A ARBITRAGEM ADMINISTRATIVA E A GARANTIA DA TUTELA JURISDICIONAL EFECTIVA DOS PARTICULARES
Nazaré Pitta Groz Albuquerque
22010
Subturma 5
SUMÁRIO: 0 A garantia da tutela jurisdicional
efectiva dos direitos dos particulares. 1. A garantia da tutela
jurisdicional e a natureza dos tribunais arbitrais. 1.1. A tutela
jurisdicional. 1.2. Jurisdicionalidade da arbitragem. 2. A
garantia da tutela efectiva e a eficácia das sentenças arbitrais. 2.1. A
garantia da tutela efectiva. 2.2. A eficácia e execução da sentença
arbitral. 2.3.
A impugnação e recurso da sentença arbitral: i)

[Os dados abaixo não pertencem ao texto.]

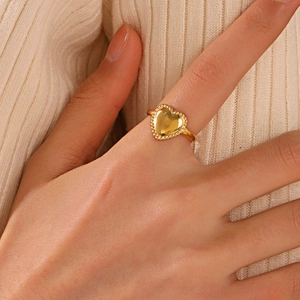 Minimalist 18K gold plated heart ring with delicate beaded texture on female hand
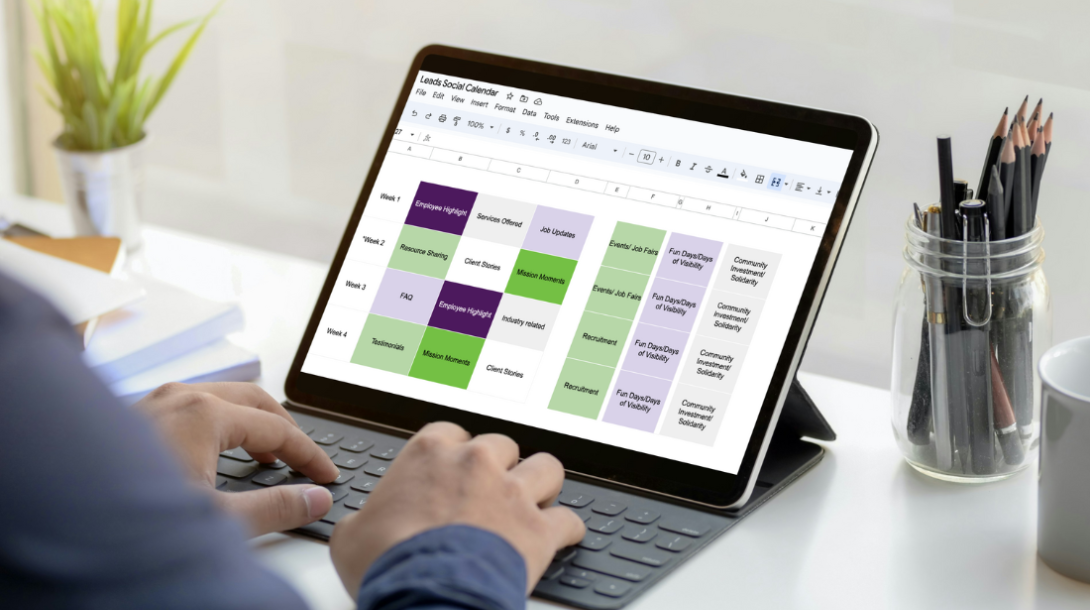 Image of an individual typing on an iPad where Leads' content calendar is displayed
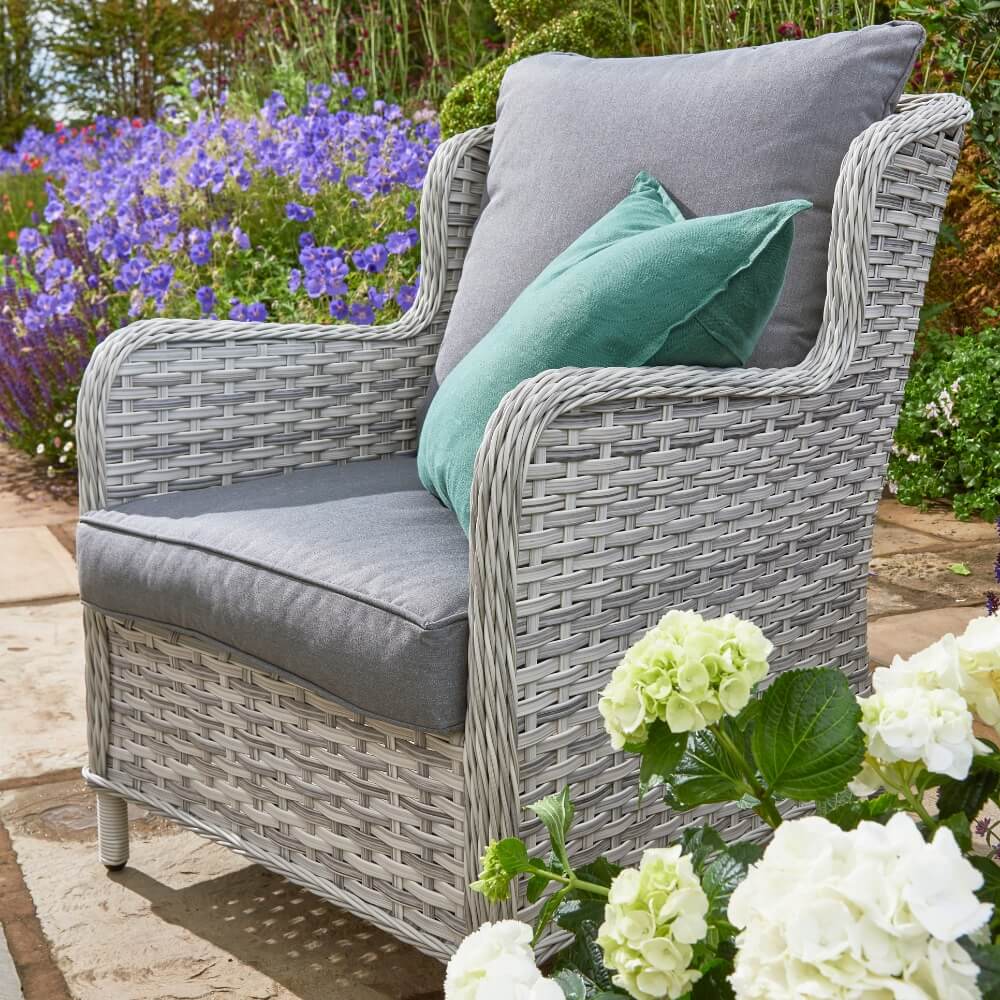 Rattan chair in garden with cushions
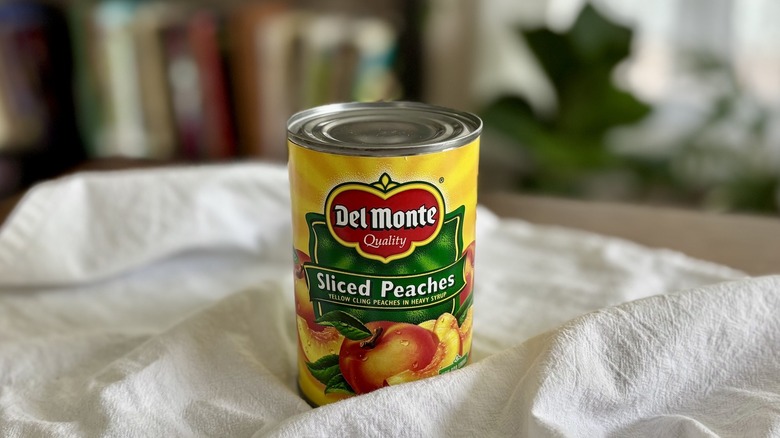 Del Monte Canned Sliced Peaches on table in front of shelf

questão da impugnabilidade das sentença arbitral para os tribunais estaduais: a
definitividade da sentença arbitral; ii) regime da impugnação e recurso
das decisões dos tribunais arbitrais. 3. Conclusões
0. A GARANTIA DA TUTELA
JURISDICIONAL EFECTIVA
A garantia de tutela jurisdicional efectiva consagrada genericamente no
art. 20º, nº4 e 5 CRP, encontra-se concretizada no art. 268º quanto aos
administrados, ou, como preferimos, aos particulares.
A necessidade da autonomização da garantias dos particulares relativamente
à garantia da tutela jurisdicional efectiva em geral decorre de estar em causa
uma situação diferente da que se verifica na generalidade dos litígios.
Ao administrado não bastam os direitos genericamente concedidos, é ainda
necessário que a lei assegure os seus direitos e interesses, podendo, em última
instância, essa garantia ser dada pelos tribunais, em decorrência da aplicação
directa dos preceitos constitucionais (citar artigo da tutela jurisdicional
efectiva)
A autonomização da tutela jurisdicional efectiva dos particulares enfatiza
as especialidades de uma protecção judicial que opõe um administrado a uma
entidade dotada de poderes de autoridade e que, por isso, suscita especial
atenção quanto à efectividade das sentenças desfavoráveis ao poder público
(art. 205º CRP) e exige especial cautela no respeito pela separação de poderes
(Vieira de Andrade, 2009, pág. 164).
1. A GARANTIA DA TUTELA
JURISDICIONAL E A NATUREZA DOS TRIBUNAIS ARBITRAIS
1.1. A TUTELA JURISDICIONAL
Esta garantia concretiza-se na exigência de que a tutela dos particulares
por um tribunal, isto é, por um órgão jurisdicional, o que constitui, em termos
jurídico-constitucionais, uma garantia de independência (203º CRP) e de
efectividade (205º, nº2 e 3 CRP) da resolução de litígios.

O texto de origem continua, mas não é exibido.